X-ray check mechanism detects X-ray machine using split type back yard industry, and X-ray check mechanism includes host 4 and and host
By the imager 9 of cable connection, X-ray check mechanism is mounted in shell 8, and host 4 and imager 9 are separately positioned on shell ∪
On the opposite inner wall in type two sides, for the ∪ type frame of shell 8 circumferentially around in the periphery of composite insulator 1, composite insulator 1 passes through shell
The ∪ type frame of body 8, such composite insulator 1 are between host 4 and imager 9, and the X-ray that host 4 emits passes through compound
It is imaged on imager 9 after insulator 1.X-ray machine is with digital imagery principle, is that X-RAY pipe generation fan-shaped plan X-ray is come
It is scanned projection, and is converted directly into digital signal, specially X-ray beam presses certain thickness to 1 each section of composite insulator
Level be scanned, by imager 9 receive penetrate the level X-ray, after being changed into visible light, from optical signal conversion become
Electric signal, then switch to digital signal through analog/digital converter (analog/digital converter), the digital signal is logical
The wireless communication interface crossed on host 4 is wirelessly transferred to the receiving control device positioned at ground, by being located at ground
Receiving control device computer carry out processing operation after, formed composite insulator 1 x-ray scanning image, thus for technology people
The defect situation of member's analysis composite insulator 1.
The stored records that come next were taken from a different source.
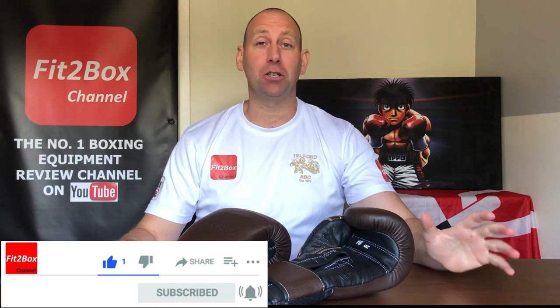Hello and welcome to Fit2Box channel. Please like and subscribe and don't forget to hit that notifications bell for all my latest uploads.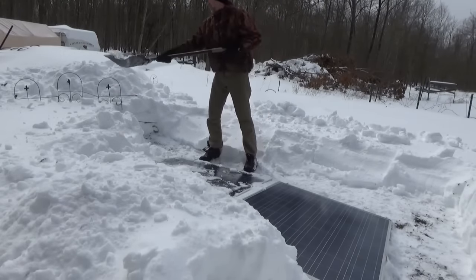I just finished shoveling the solar panels and it's snowing. I was so happy a minute ago. Now I'm going to do it again in a little bit. Well guys, it's all been about shoveling today. It's snowed on and off, but the wind is blowing it away, so that's good. I've got pathways out to the truck.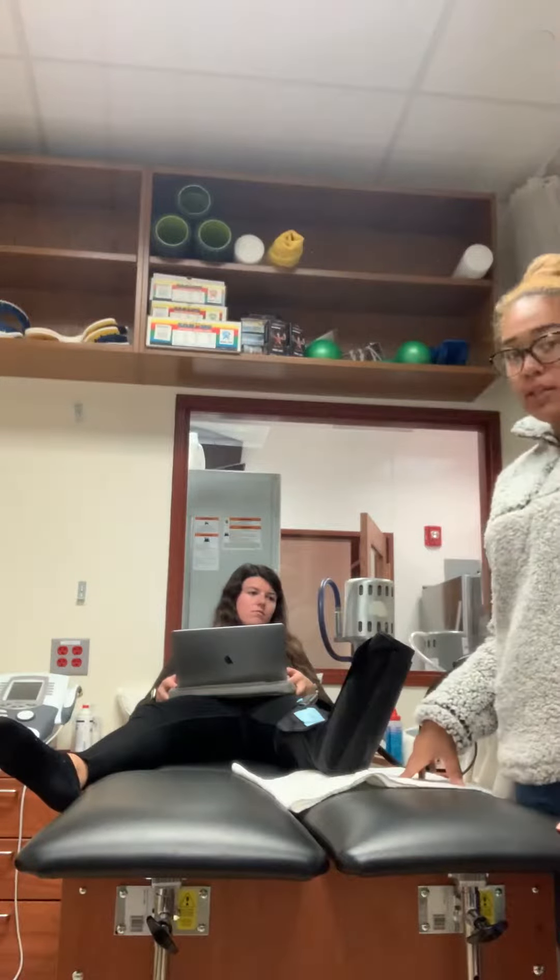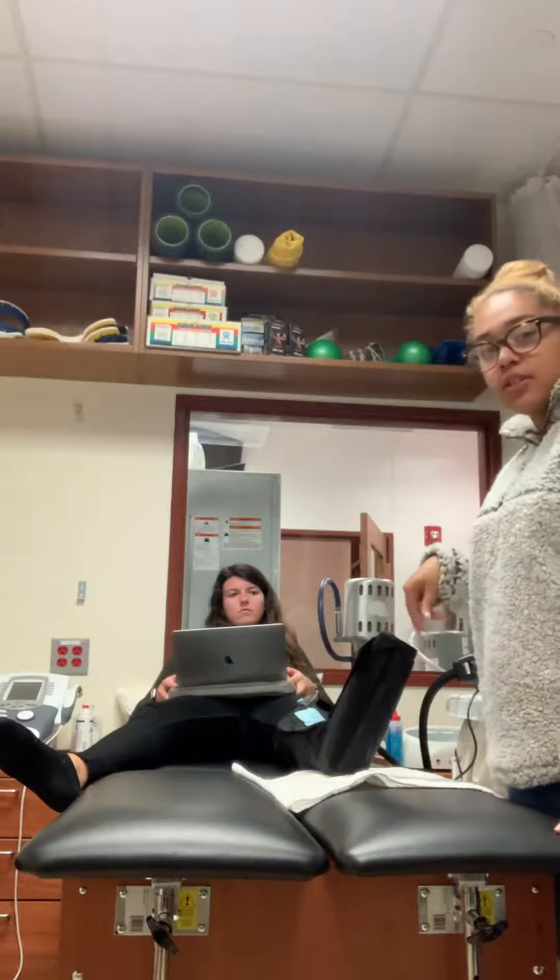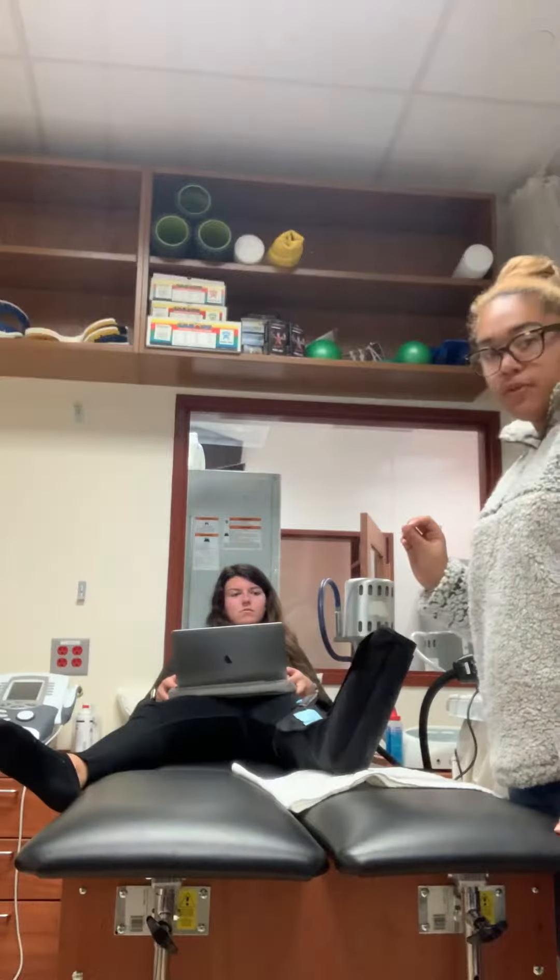We're going to set her up for 15 minutes. She has her sock off so we're able to see the toe and make sure that she's still getting all the blood flow during this.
Power supply 10 and controller 3 are additionally provided on shell 8, power supply 10 gives movable motor 5, controller 3 and host 4 respectively
Power supply, controller 3 are electrically connected with movable motor 5 and host 4, and controller 3 controls the movement of movable motor 5 and X-ray check is inter-agency
It has a rest scanning;Controller 3 and host 4 are connected separately with wireless communication interface, and ground receiver control device is one with channel radio
The computer of communication interface wirelessly sends operational order to controller 3 and receiving host 4 sends back the scanning come and believes
Breath, and defect information is analyzed and processed.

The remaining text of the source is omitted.